SECTION 6. Security. The Company’s obligations under this agreement, all Supplements (whenever executed), and all instruments and documents contemplated hereby or thereby, shall be secured by a statutory first lien on all equity which the Company may now own or hereafter acquire in Farm Credit. In addition, the Company agrees to grant to Farm Credit, by means of such instruments and documents as Agent shall reasonably require, a first lien (subject only to exceptions approved in writing by Agent and Permitted Liens, as hereinafter defined) on all personal property of the Company, and on all real property of the Company, whether now existing or hereafter acquired. As additional security for those obligations: (i) the Company agrees to grant to Farm Credit, by means of such instruments and documents as Agent shall reasonably require, a first priority lien on such of its other assets, whether now existing or hereafter acquired, as Agent may from time to time require; and (ii) the Company agrees to grant to Farm Credit, by means of such instruments and documents as Agent shall require, a first priority lien on all realty which the Company may from time to time acquire after the date hereof. Farm Credit may at its discretion assign collateral to the Agent under the Agency Agreement.

 

SECTION 7. Conditions Precedent.

 

(A)

Conditions to Initial Supplement. Farm Credit’s obligation to extend credit under the initial Supplement hereto is subject to the conditions precedent that Agent receive, in form and content satisfactory to Agent, each of the following:

 

2

 

 


(i)

This Agreement, Etc. A duly executed copy of this agreement and all instruments and documents contemplated hereby.

 

(ii)

Security Agreement.
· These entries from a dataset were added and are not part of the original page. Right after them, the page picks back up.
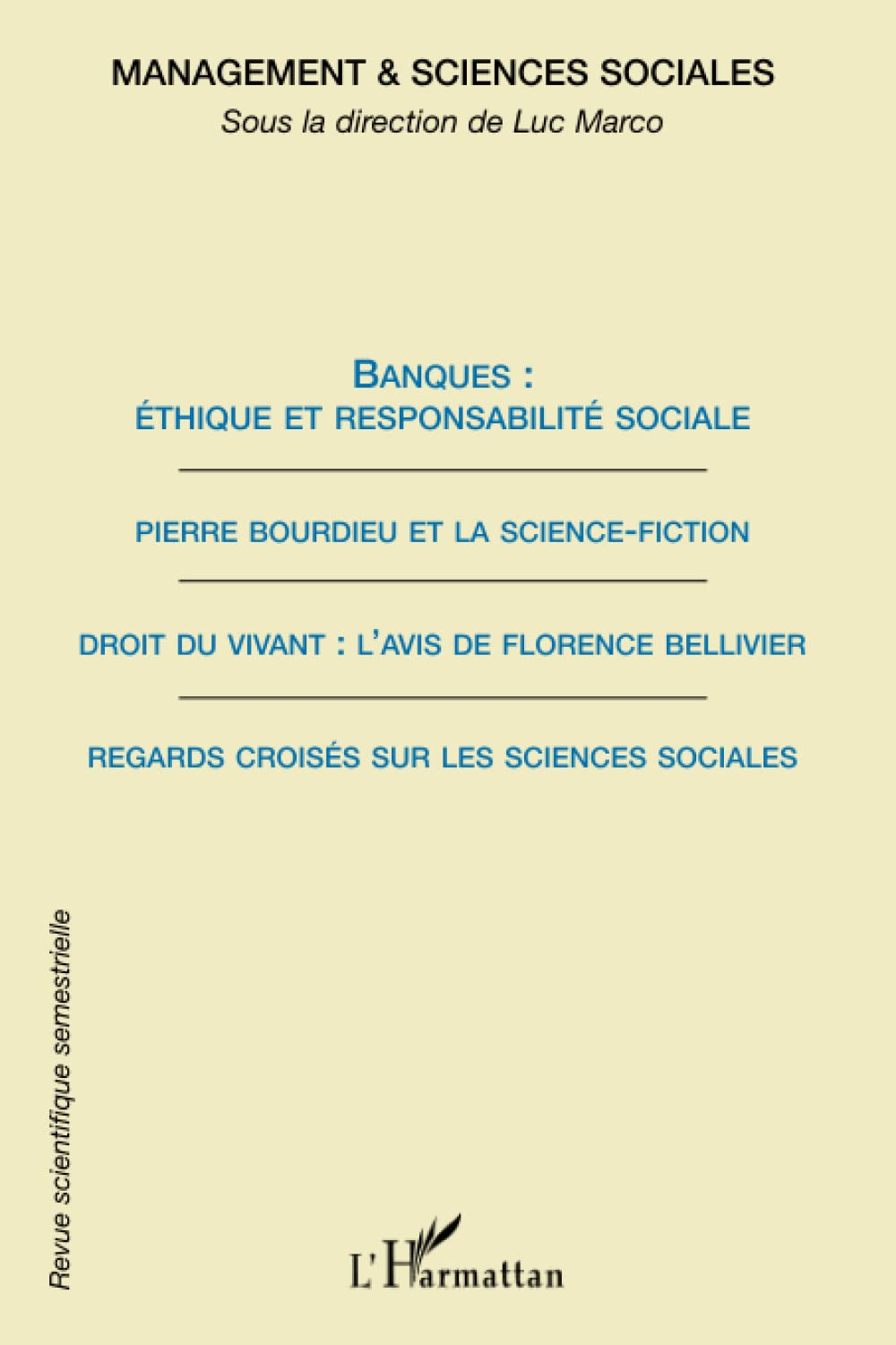 Management & sciences sociales, n° 2. Banques : éthique et responsabilité sociale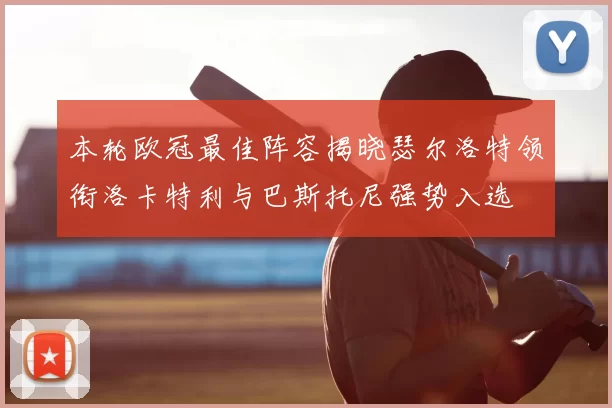 本轮欧冠最佳阵容揭晓瑟尔洛特领衔洛卡特利与巴斯托尼强势入选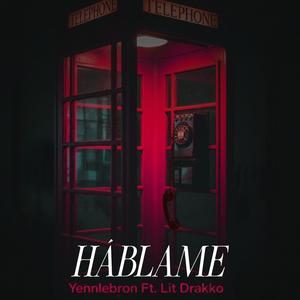 Hablame (feat. Lit drakko)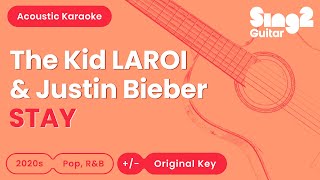 STAY  The Kid LAROI Justin Bieber Acoustic Karaoke [upl. by Prisilla]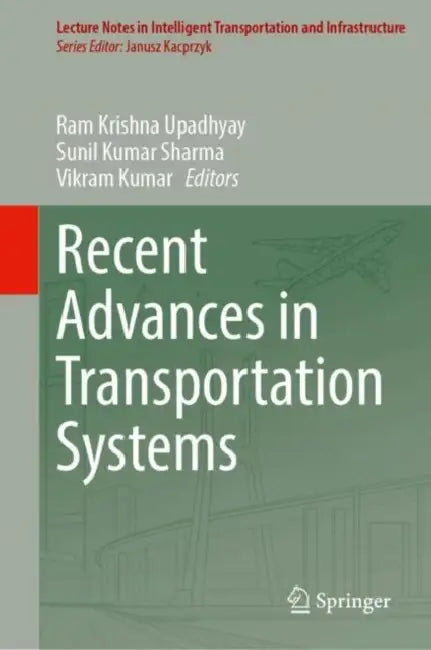 Recent Advances in Transportation Systems by Ram Krishna Upadhyay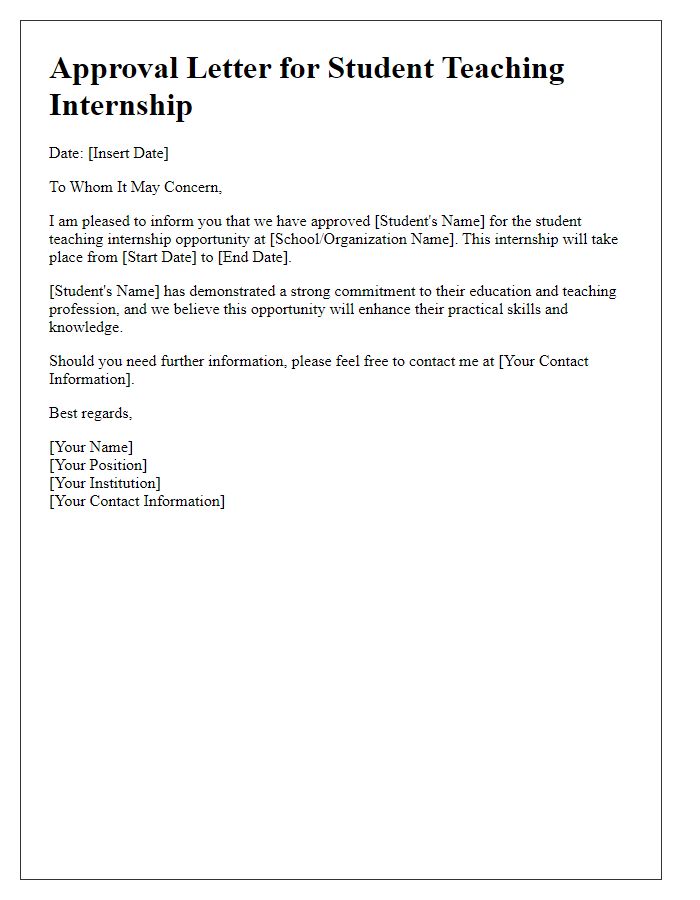 Letter template of approval for student teaching internship opportunity.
A security agreement granting to Farm Credit a first lien (subject only to exceptions approved in writing by Agent and Permitted Liens) on all personal property of the Company, whether now owned or hereafter acquired.

 

(iii)

Mortgage/Deed of Trust. A mortgage or deed of trust granting to Farm Credit a first lien (subject only to exceptions approved in writing by Agent and Permitted Liens) on the Company’s owned Property (as that term is defined in the applicable Supplements) located near Rives, Tennessee.

 

(iv)

Title Commitment/Policy. A commitment from a title insurance company acceptable to Agent to issue an ALTA lender’s policy of title insurance in the face amount of $100,000,000.00 insuring the Company’s Mortgage or Deed of Trust to Farm Credit as a first priority lien on the property encumbered thereby, subject only to exceptions approved in writing by Agent. The Company agrees to pay the cost of such commitment and the related policy, together with such endorsements as may be reasonably requested by Agent, and also agrees that if, for any reason, a final policy is not issued by the date that is ninety (90) days after the date of this agreement or such later date as may be agreeable to Agent, then an “Event of Default” shall be deemed to have occurred under this agreement.

 

(v)

Project Budget and Schedule, Contracts and Plans. Project budget, schedule, contracts and plans as follows: (i) a budget setting forth the total estimated direct costs for construction (including real property acquisition, site preparation, railroad siding, sales taxes related to construction, capitalized interest and contingencies, but excluding working capital) not to exceed an aggregate total of $152,500,000.00 for the Improvements (as that term is defined in the applicable Supplements), including line item cost breakdowns for all direct costs by trade, job, and subcontractor, and a schedule of all sources of funds to pay such costs (the “Project Budget”); (ii) a schedule setting forth, by trade, job, and subcontractor, the estimated dates of commencement and completion of construction of the Improvements (the “Project Schedule”); (iii) a schedule of the amounts and times of advances anticipated to be requisitioned by the Company from time to time during the term of construction of the Improvements (the “Disbursement Schedule”); (iv) a list of all subcontractors and materialmen who have been, or, to the extent then determined by the Company, will be supplying labor, materials or goods for the Improvements; (v) two sets of the Plans with a certification from the Company and from the Company’s architect or engineer, or with other evidence satisfactory to Agent as to the following matters: (a) that the Improvements can be completed by October 31, 2008, (the “Completion Date”); (b) that the Project Budget, Project Schedule, Disbursement Schedule and the Plans satisfactorily provide for the construction of the Improvements; and (c) that the Improvements upon completion will comply in all material respects with all Laws (as defined in Section 9(B) hereof), including, without limitation, all Laws relating to the environment, and all approvals, consents, permits and licenses required under such Laws (the “Project Approvals”) which have been obtained or are to be obtained by the Company relating in any way to the acquisition, construction or the contemplated operation of the Improvements (including, without limitation, those relating to zoning, building, use and occupancy, fire prevention and health); and (vi) a list of the Project Approvals indicating those Project Approvals obtained and to be obtained (and a schedule for obtaining such Project Approvals).

 

(vi)

Evidence of Capital and Other Debt. Such evidence as Agent may require that the Company has obtained equity capital, including non-repayable grants in an amount up to and including $1,200,000.00, or acceptable binding commitments thereof, in an amount totaling no less than $70,000,000.00 with terms and conditions acceptable to Agent.

 

(vii)

Appraisal. An appraisal of the Property by a licensed, independent appraiser satisfactory to Agent, such appraisal to include a value for the proposed ethanol facility to be located on the Company’s real property located near Rives, Tennessee.

 

(viii)

Survey. An ALTA quality survey of the Property by a licensed surveyor satisfactory to Agent verifying no encroachments by any Improvements on the Property onto adjoining property, or such other information as may be required by Agent.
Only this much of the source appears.